The flag -XX:CMSInitiatingOccupancyFraction designates a percentage of the total heap usage. When that percentage is reached, the JVM will trigger a CMS GC. A value of 40 to 70 typically suffices for applications running on Mule. If the value is too low, it could result in excessive, premature collections. It is usually recommend to start at a relatively higher value for -XX:CMSInitiatingOccupancyFraction and decrease it as needed to optimize for the fewest CMS events for the best performance. Specify -XX:+UseCMSInitiatingOccupancyOnly when designating -XX: +CMSInitiatingOccupancyFraction . Otherwise, the JVM attempts to dynamically adjust the value for -XX:+CMSInitiatingOccupancyFraction. A changing value is undesirable in most production scenarios. That is because dynamic adjustment is based on statistical analysis that may not reliably account for load spikes.

GC logging is a good idea for performance tests. The GC log, once enabled, provides extremely valuable information about the activities in the heap and how they affect the runtime performance. GC logging tends to have little overhead for disk IO. Here is an example of how to enable various aspects of GC logging. Add these configurations to Mule’s wrapper.conf file.

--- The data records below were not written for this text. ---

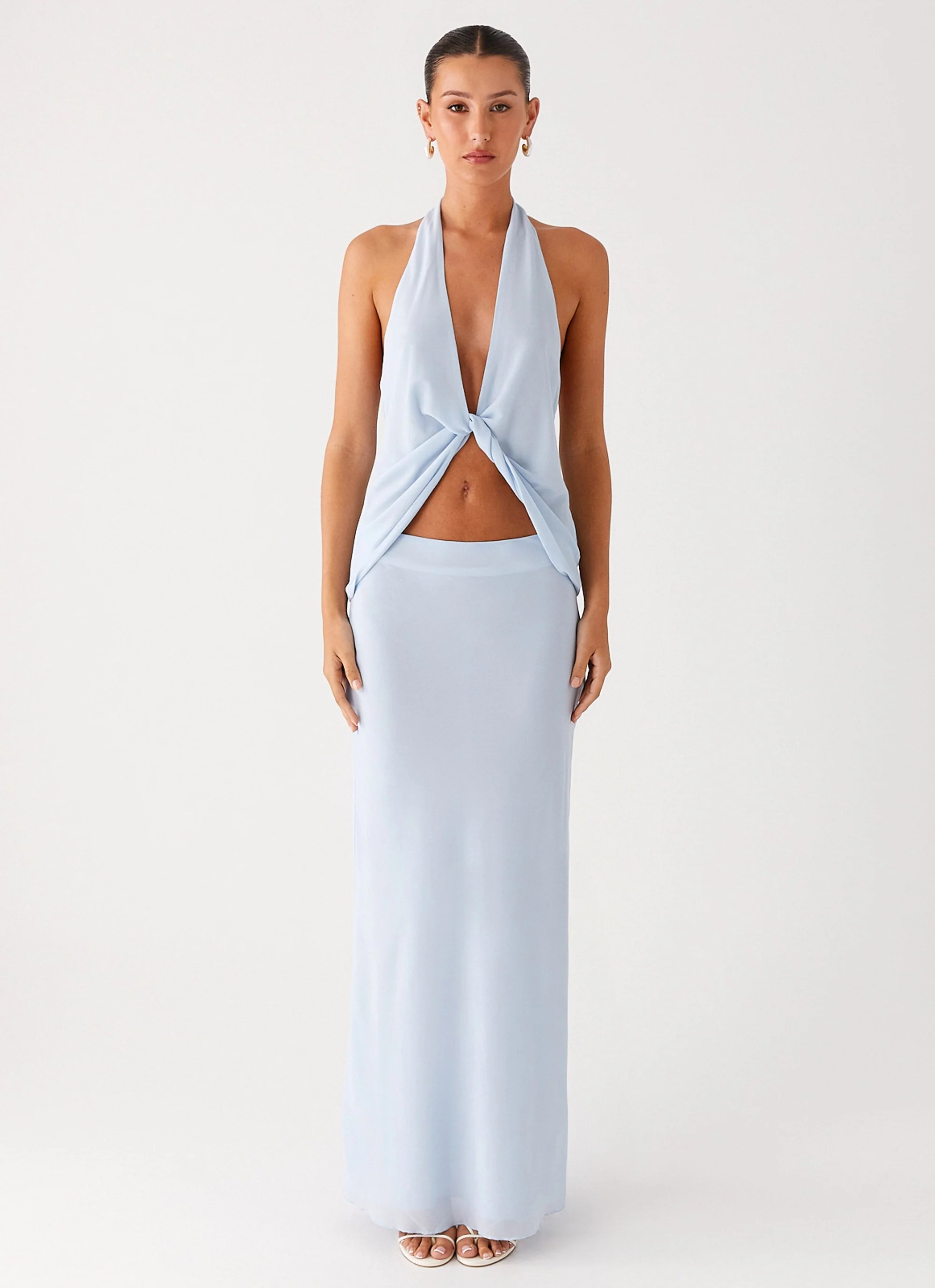 Sky Veil Flow Maxi Skirt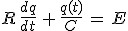 3$R\,\frac{dq}{dt}\,+\,\frac{q(t)}{C}\,=\,E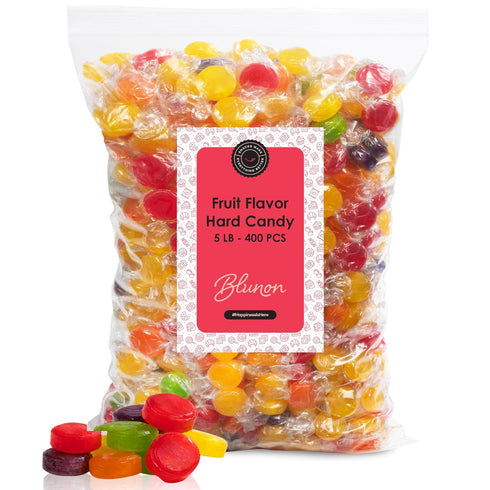 Hard Candy Bulk Assorted - 5 Pounds Fruit Flavored Candies Individually Wrapped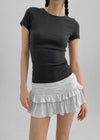 Melking Slim Shirring Short Sleeve Tee
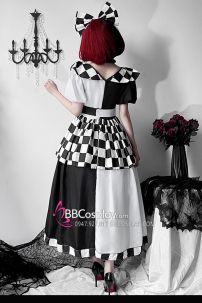 Trang Phục Hề Nữ Trắng Đen Caro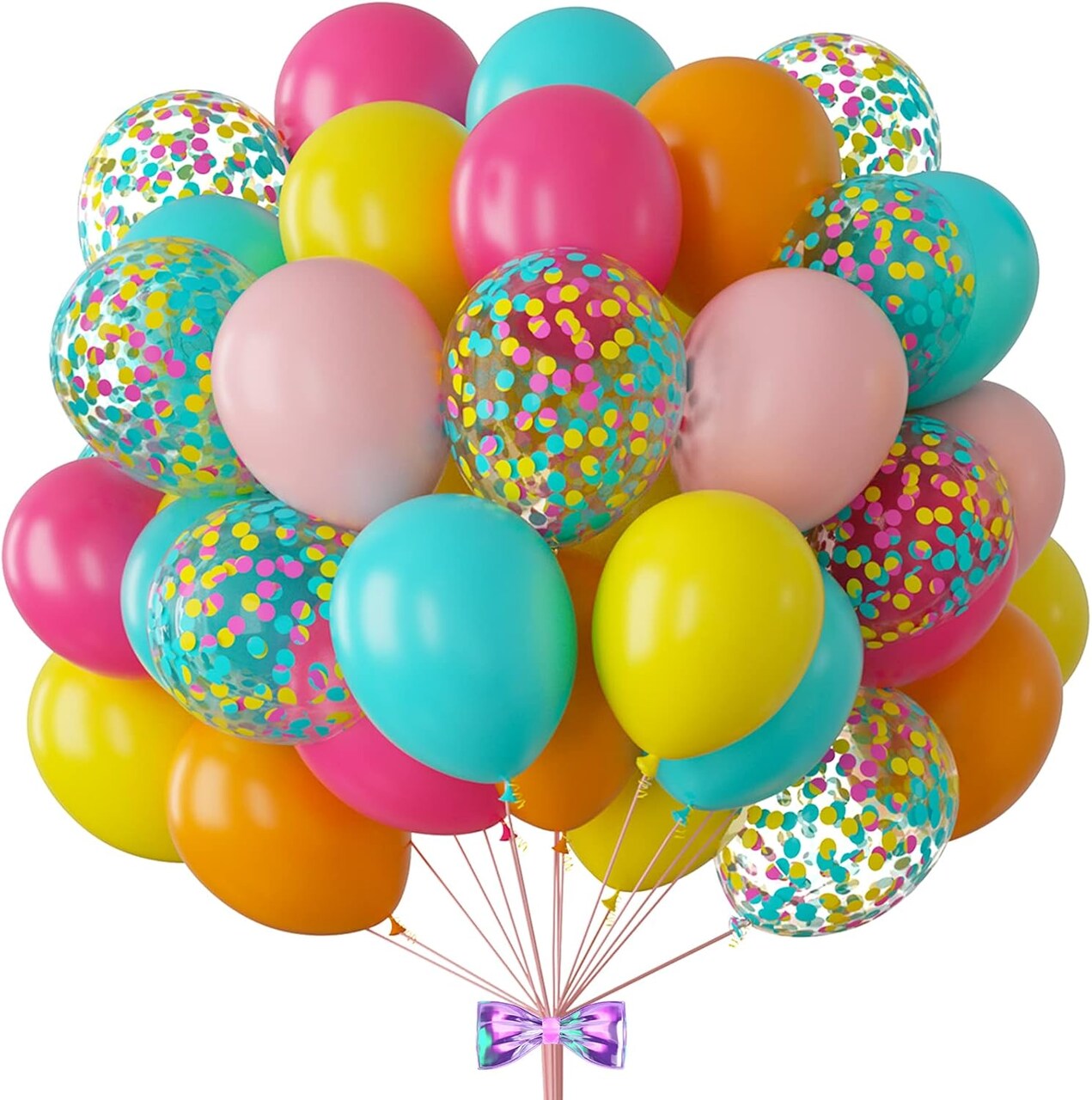 Tropical Balloon Arch Kit, Hot Pink Orange Yellow Green Teal Latex Confetti Balloons (12 Inch)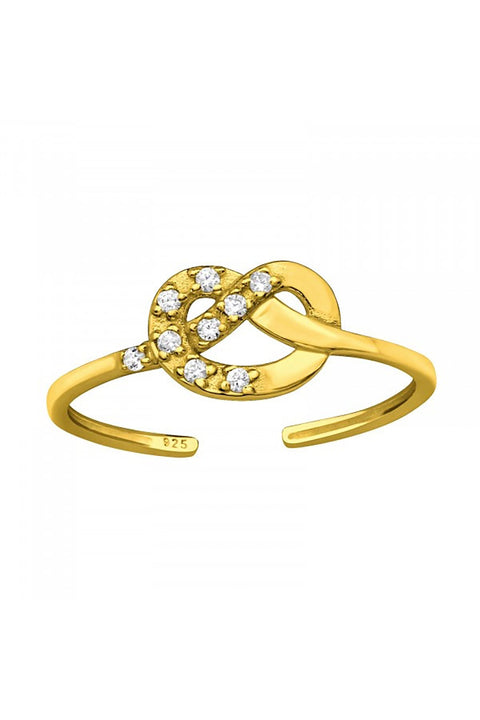 18k Vermeil Adjustable Heart Knot Toe Ring with CZ - VM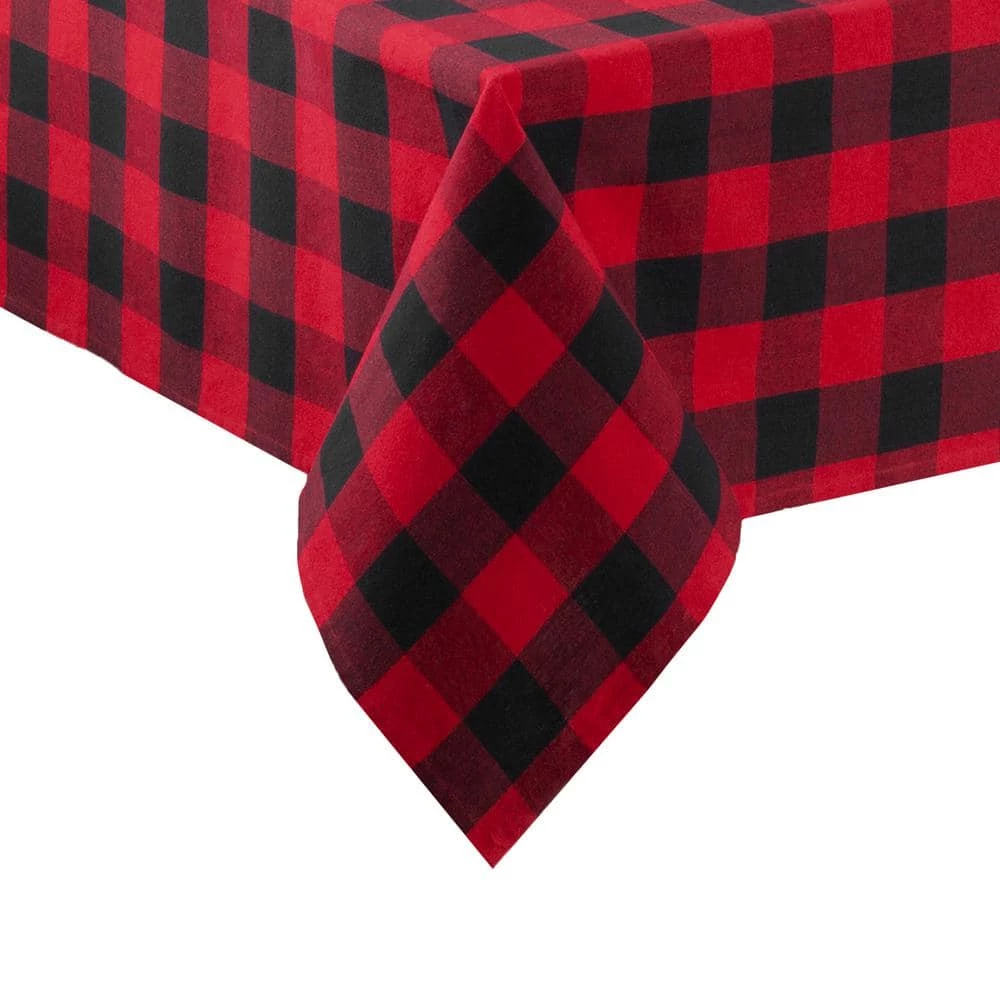 Farmhouse Living Holiday 60 in. W x 84 in. L Red and Black Buffalo Check Cotton Tablecloth by Elrene 3 Farmhouse Living Holiday 60 in. W x 84 in. L Red and Black Buffalo Check Cotton Tablecloth by Elrene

wrapper.java.additional.4=-XX:+PrintGCApplicationStoppedTime
wrapper.java.additional.5=-XX:+PrintGCDetails
wrapper.java.additional.6=-XX:+PrintGCDateStamps
wrapper.java.additional.7=-XX:+PrintTenuringDistribution
wrapper.java.additional.8=-XX:ErrorFile=%MULE_HOME%/logs/err.log
wrapper.java.additional.9=-Xloggc:%MULE_HOME%/logs/gc.log
wrapper.java.additional.10=-XX:+HeapDumpOnOutOfMemoryError